> [Data provided]:
--- START ---

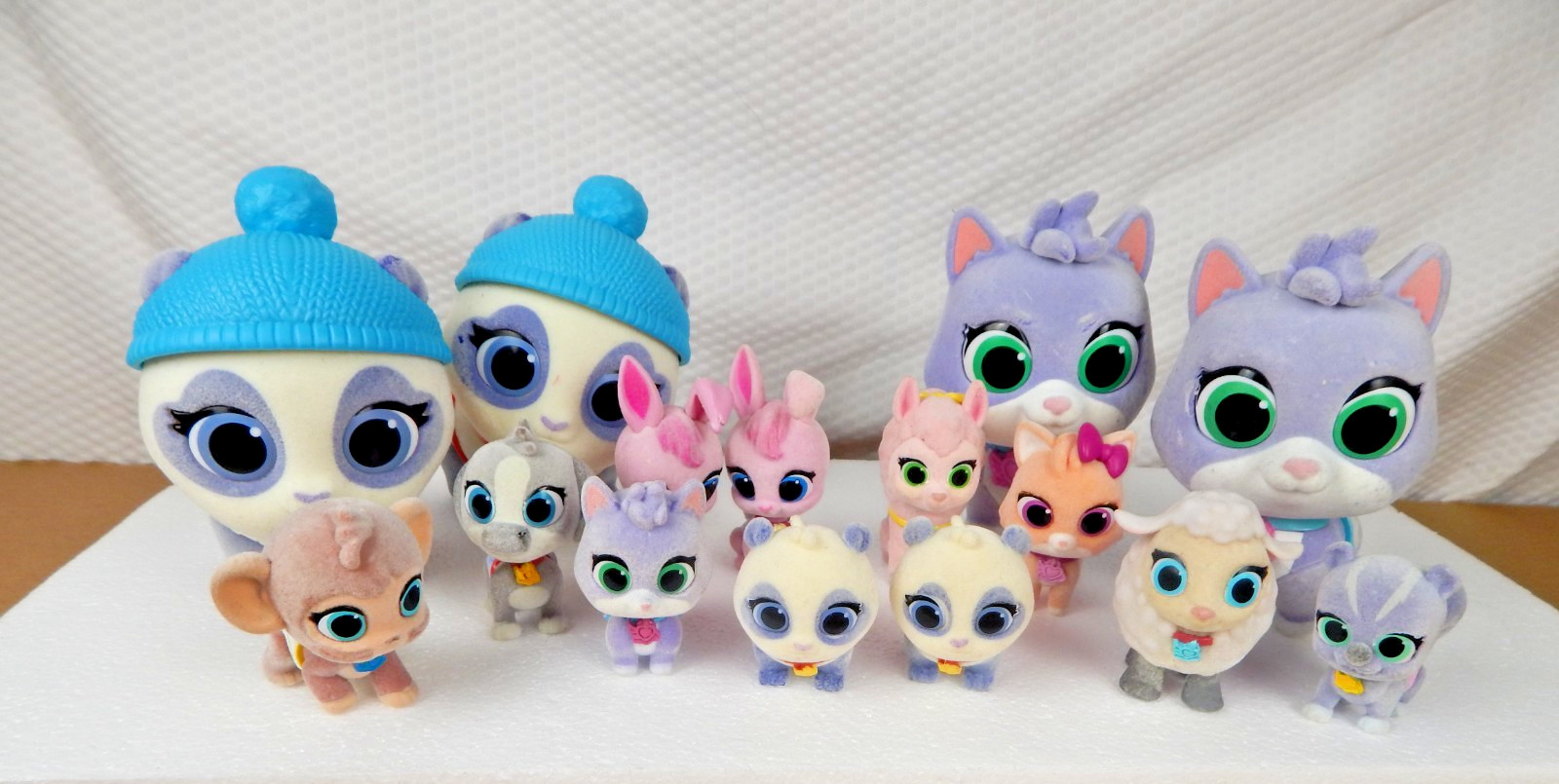 Disney Jr T.O.T.S. Flocked Figures 2-4&Prime; Dog Cat Panda Rabbit Sheep horse lot 15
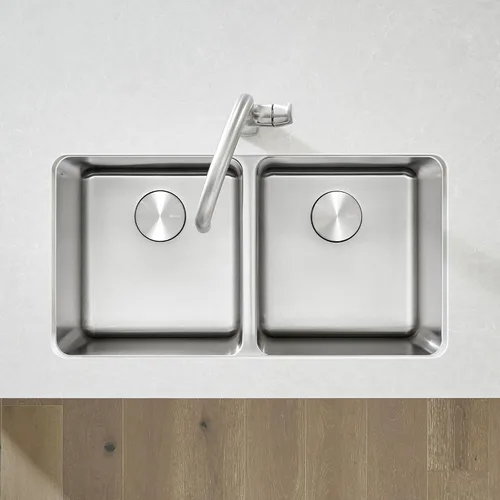 Vista 3 de BLANCO, Fregadero de cocina de acero inoxidable 442768 FORMERA 50/50 con doble tazón, 33 x 18 pulgadas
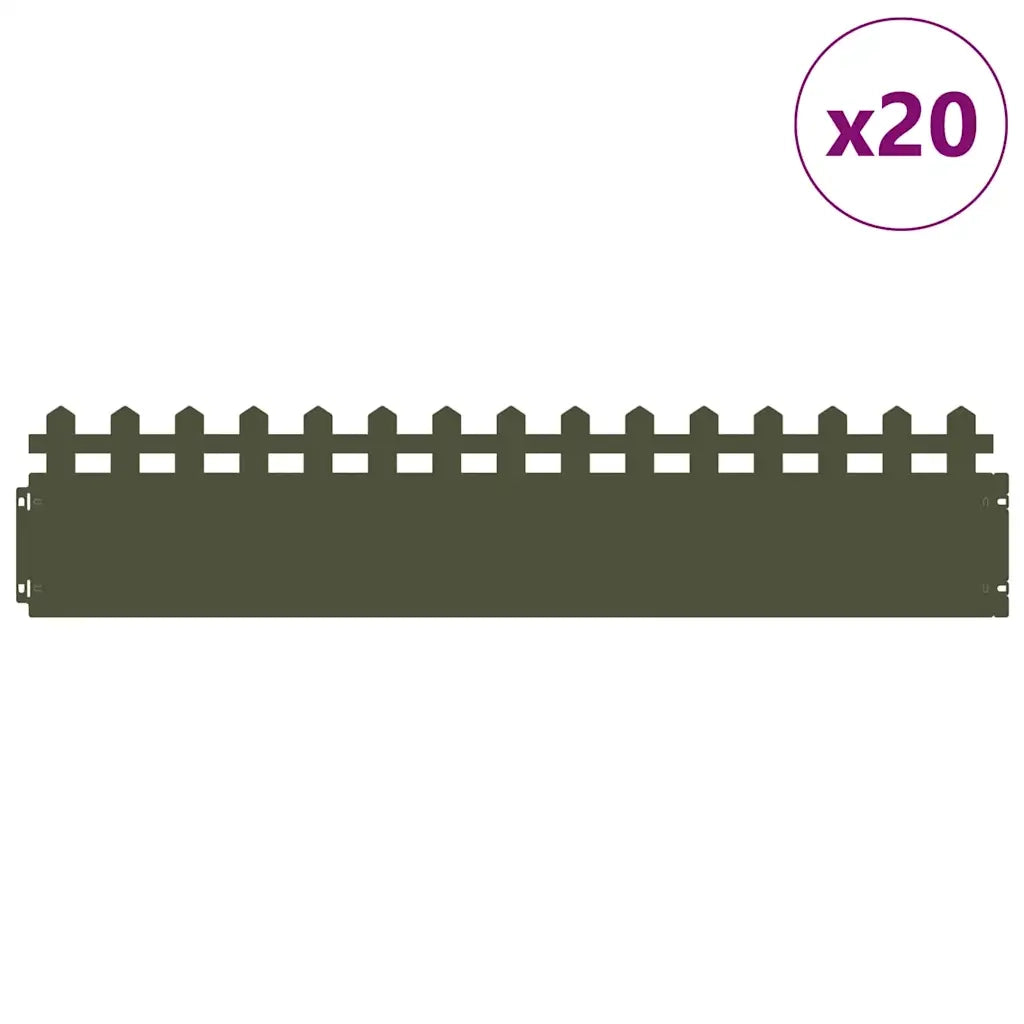 Bordure per prato 20 pz Verde oliva 103 x 0,05 x 22 cm Acciaio CFW6584875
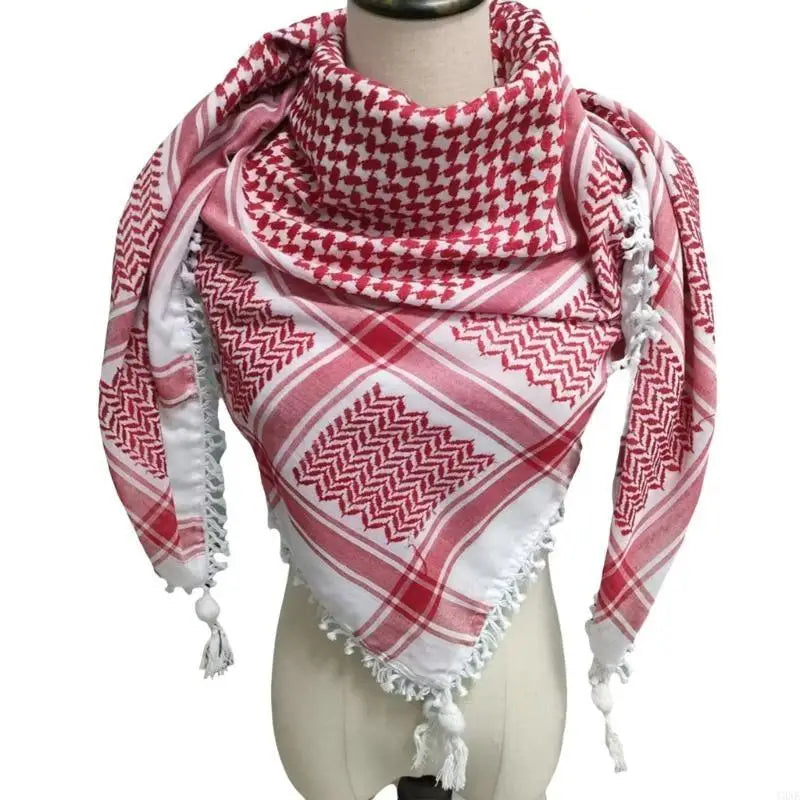 Y3NE Fringed Arab Scarf Shemagh Head Wrap Arabian Desert Headscarf Ethnic Headwear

--- END ---

> [What this task involves]: Send back the data above verbatim, leaving out its pictures.

> [Result of the task]:
 Disney Jr T.O.T.S. Flocked Figures 2-4&Prime; Dog Cat Panda Rabbit Sheep horse lot 15
 Vista 3 de BLANCO, Fregadero de cocina de acero inoxidable 442768 FORMERA 50/50 con doble tazón, 33 x 18 pulgadas
 Bordure per prato 20 pz Verde oliva 103 x 0,05 x 22 cm Acciaio CFW6584875
 Y3NE Fringed Arab Scarf Shemagh Head Wrap Arabian Desert Headscarf Ethnic Headwear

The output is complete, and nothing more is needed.